[Start of section]

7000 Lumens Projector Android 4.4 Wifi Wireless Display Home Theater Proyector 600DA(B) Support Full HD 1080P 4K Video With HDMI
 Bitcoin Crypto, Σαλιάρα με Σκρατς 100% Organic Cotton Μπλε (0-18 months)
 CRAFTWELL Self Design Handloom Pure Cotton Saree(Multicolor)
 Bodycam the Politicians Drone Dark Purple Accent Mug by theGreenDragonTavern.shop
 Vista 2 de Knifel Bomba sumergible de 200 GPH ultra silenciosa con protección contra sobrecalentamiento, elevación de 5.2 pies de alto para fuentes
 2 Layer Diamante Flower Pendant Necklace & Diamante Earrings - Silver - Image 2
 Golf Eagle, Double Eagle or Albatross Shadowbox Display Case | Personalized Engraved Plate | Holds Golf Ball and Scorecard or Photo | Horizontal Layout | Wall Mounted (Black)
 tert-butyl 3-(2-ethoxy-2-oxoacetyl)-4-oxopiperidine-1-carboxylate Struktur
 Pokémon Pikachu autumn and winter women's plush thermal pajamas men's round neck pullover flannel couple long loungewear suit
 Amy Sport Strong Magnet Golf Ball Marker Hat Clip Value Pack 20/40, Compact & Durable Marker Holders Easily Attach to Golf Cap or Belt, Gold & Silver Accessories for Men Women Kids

[End of section]

Reproduce exactly, and only, the part of the listing above that begins at the line with "Bodycam the Politicians" and goes on through the line with "2 Layer Diamante".

 Bodycam the Politicians Drone Dark Purple Accent Mug by theGreenDragonTavern.shop
 Vista 2 de Knifel Bomba sumergible de 200 GPH ultra silenciosa con protección contra sobrecalentamiento, elevación de 5.2 pies de alto para fuentes
 2 Layer Diamante Flower Pendant Necklace & Diamante Earrings - Silver - Image 2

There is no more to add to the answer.